Comments (15)
I'm running the example right now and the first thing that comes to mind is that you are probably queueing up a lot of fire and forget tasks on the threadpool
.5987 RPS, 99% latency 17,61 ms, 95% latency 9,39 ms, max latency 167,61 ms
...60692 RPS, 99% latency 15,4 ms, 95% latency 6,51 ms, max latency 610,77 ms
...44698 RPS, 99% latency 20,9 ms, 95% latency 9,33 ms, max latency 745,69 ms
..35911 RPS, 99% latency 28,62 ms, 95% latency 11,54 ms, max latency 725,73 ms
.27488 RPS, 99% latency 33,26 ms, 95% latency 15,39 ms, max latency 999,47 ms
..31520 RPS, 99% latency 22,41 ms, 95% latency 11,55 ms, max latency 975,2 ms
.19651 RPS, 99% latency 39,24 ms, 95% latency 20,35 ms, max latency 1050,25 ms
.19856 RPS, 99% latency 39,76 ms, 95% latency 17,88 ms, max latency 1366,85 ms
The increasing latency might be that the threadpool is busy with other tasks.
e.g.
omsGrain.ProccedExecutionReport(omsRequest, CancellationToken.None).AndForget(TaskOption.Safe);
Eventually, the entire threadpool queue might be filled with this kind of tasks.
I'll dig deeper later today, but the increasing latency is very suspicious.
from protoactor-dotnet.
I debugged it. The workaround is to set actorSystemConfig.SharedFutures
to false
. The request is sent again over and over in the DefaultClusterContext.RequestAsync
because its future.Task
is already cancelled even before next attempt to call context.Request
. It causes TaskCancelledException
which is handled by retrying the send operation.
from protoactor-dotnet.
This sounds like a serious bug.
Have you been able to reproduce it in any other conditions than just high load?
from protoactor-dotnet.
My colleague reported something similar during debugging but it could be caused by different reasons like timeouts due to debugger pauses. I don't know any other ways to reproduce it without high load.

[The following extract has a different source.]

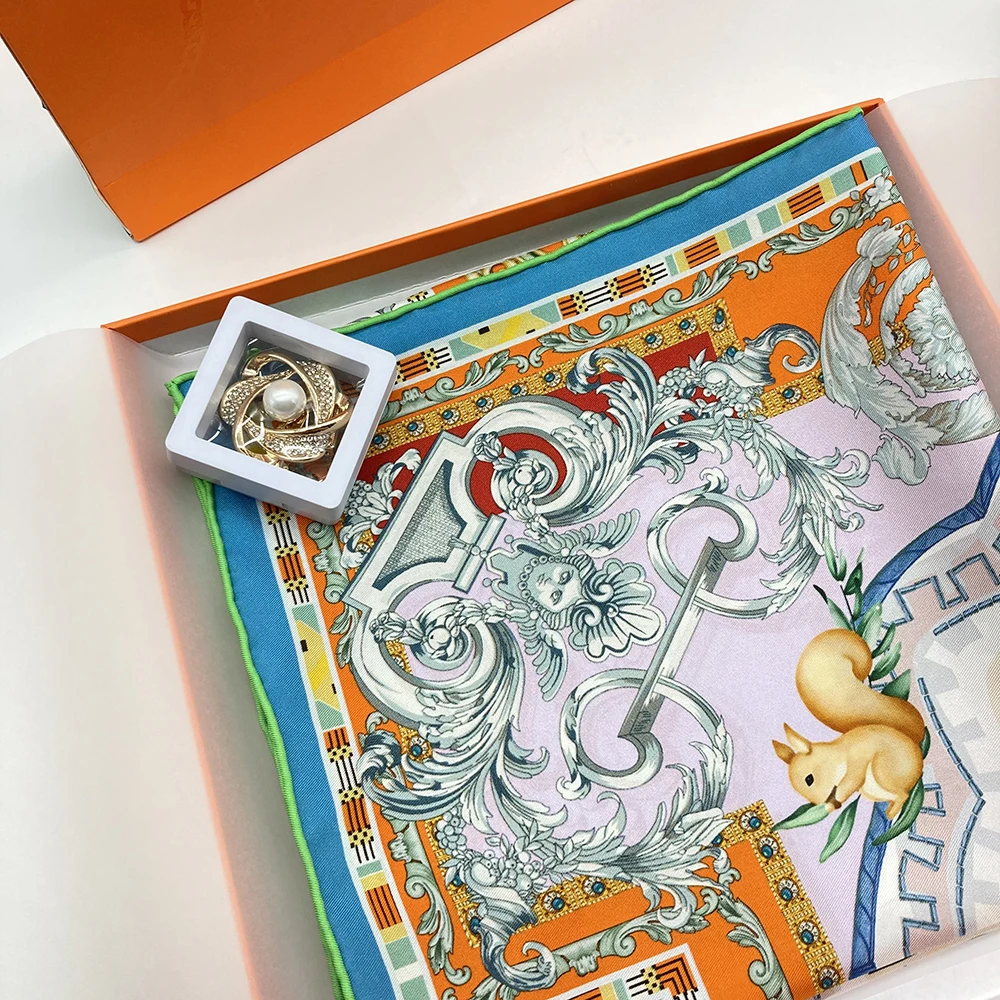 High-end Custom Printed Handmade Twill Hand Roll Hem Silk Square Scarf With Silk Scarf Packaging Boxes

The setup is pretty simple: 3 virtual actor types but only one is actually used. This actor has 3000 instances, requests are spread among them. The actor handles two types of requests: place order and cancel order. The benchmark sends up to 256 requests simultaneously without waiting for results (limited by SemaphoreSlim
). The bug occurs only when I run without a debugger attached and after some time (a minute usually is enough). Each request has a unique id. I added Debugger.Launch
call in place where duplicate order id gets detected. The counter in DefaultClusterContext.RequestAsync
for this specific request goes higher than 600000 at the time I attach debugger and step into.
My two colleagues were able to reproduce it using the same code.
from protoactor-dotnet.
Many thanks for the report.
Using actorSystemConfig.SharedFutures = false is safe (and was the original behavior), so you can keep using that for now.
It's just a bit slower due to the allocation/deallocation of PIDs per Future.
I'm still trying to figure out what causes this, if it is inside the shared future implementation itself.
I'll report my findings here
from protoactor-dotnet.
I am not sure how much it relates to this, but we get these exceptions every now and then in production servers:
System.IndexOutOfRangeException: Index was outside the bounds of the array.
at Proto.Future.SharedFutureProcess.Cancel(UInt32 requestId)
at Proto.SenderContextExtensions.RequestAsync[T](ISenderContext self, PID target, Object message, CancellationToken cancellationToken)
at Proto.SenderContextExtensions.RequestAsync[T](ISenderContext self, PID target, Object message, TimeSpan timeout)
....
System.IndexOutOfRangeException: Index was outside the bounds of the array.
at Proto.Future.SharedFutureProcess.SendUserMessage(PID pid, Object message)
....
@rogeralsing I hope the callstacks help in some way.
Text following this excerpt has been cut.